Aqui chegados, parece cristalino que o partido de Ventura não se atrapalha com princípios. Sabe que, ao contrário de todos os outros partidos, não vai ser escrutinado pela seriedade ou coerência nas votações. Tem apenas uma estratégia: mostrar que o Chega é indispensável à governação à direita, nem que para tal tenha de passar por cima do cadáver do governo da AD.

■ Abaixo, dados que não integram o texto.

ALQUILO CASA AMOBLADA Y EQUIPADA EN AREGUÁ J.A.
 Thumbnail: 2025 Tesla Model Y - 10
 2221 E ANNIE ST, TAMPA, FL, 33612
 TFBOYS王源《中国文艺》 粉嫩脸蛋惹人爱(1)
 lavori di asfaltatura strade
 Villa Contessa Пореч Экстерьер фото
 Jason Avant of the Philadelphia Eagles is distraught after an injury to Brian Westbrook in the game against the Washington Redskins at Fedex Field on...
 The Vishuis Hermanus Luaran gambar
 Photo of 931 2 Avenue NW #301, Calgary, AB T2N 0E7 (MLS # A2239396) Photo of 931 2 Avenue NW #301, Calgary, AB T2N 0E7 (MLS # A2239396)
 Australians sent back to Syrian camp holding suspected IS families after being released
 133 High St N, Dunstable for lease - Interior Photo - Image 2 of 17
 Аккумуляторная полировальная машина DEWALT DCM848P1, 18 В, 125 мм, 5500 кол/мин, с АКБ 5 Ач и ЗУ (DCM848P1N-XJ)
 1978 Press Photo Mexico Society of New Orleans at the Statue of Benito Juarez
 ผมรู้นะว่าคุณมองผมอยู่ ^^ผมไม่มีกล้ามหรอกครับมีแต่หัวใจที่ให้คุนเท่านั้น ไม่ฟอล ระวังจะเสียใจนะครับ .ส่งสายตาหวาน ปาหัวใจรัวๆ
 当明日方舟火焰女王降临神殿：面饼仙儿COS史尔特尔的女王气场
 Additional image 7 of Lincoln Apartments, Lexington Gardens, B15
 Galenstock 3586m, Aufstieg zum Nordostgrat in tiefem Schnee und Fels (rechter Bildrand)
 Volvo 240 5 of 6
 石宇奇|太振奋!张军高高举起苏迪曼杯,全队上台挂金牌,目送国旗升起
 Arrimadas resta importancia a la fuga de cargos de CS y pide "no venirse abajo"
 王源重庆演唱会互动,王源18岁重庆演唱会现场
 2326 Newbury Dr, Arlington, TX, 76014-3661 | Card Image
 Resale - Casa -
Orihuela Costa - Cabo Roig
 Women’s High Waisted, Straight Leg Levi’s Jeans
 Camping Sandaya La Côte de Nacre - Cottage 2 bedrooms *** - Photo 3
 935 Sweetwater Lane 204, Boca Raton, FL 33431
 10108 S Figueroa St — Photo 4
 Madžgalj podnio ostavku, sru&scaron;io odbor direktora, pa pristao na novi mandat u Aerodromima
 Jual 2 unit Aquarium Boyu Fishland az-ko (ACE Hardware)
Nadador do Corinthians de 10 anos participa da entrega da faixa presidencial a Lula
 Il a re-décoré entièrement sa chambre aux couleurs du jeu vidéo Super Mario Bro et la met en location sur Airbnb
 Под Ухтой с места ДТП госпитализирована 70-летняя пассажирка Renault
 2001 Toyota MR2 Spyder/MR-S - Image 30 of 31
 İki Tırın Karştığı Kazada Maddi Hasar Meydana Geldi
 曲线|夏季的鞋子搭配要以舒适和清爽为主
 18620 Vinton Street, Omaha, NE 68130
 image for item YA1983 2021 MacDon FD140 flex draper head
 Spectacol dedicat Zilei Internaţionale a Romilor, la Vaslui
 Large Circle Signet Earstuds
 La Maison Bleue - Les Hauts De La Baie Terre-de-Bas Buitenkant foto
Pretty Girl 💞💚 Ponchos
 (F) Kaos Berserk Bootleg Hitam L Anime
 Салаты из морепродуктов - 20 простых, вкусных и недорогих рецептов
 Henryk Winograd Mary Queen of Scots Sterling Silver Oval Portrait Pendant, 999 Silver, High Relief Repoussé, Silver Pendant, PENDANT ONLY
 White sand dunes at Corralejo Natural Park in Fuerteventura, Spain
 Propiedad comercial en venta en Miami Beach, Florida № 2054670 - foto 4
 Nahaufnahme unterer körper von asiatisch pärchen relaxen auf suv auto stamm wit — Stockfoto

Mas essa estratégia pode ter de enfrentar o mesmo teste do Ministro das Finanças. Se Miranda Sarmento persistir com proposta de corte do IRC; e se a esquerda for capaz de demonstrar que ela é um “bodo aos ricos”, o Chega terá de escolher. Ou fica do lado do povo que se sente expropriado pelas elites dos negócios; ou responde à voz dos donos - os empresários de grandes empresas que desde 2019 têm financiado generosamente o Chega.

Esse é o teste decisivo para Ventura. Como se viu nas votações envolvendo o BES, não são os princípios que o vão salvar da angústia da dúvida. Se mantiver a estratégia de tomar o lugar do PSD na hegemonia à direita, a sua popularidade cresce se morder a mão de quem o alimentou até agora. Se, pelo contrário, obedecer disciplinadamente à agenda dos seus financiadores, o seu discurso contra as elites colapsa.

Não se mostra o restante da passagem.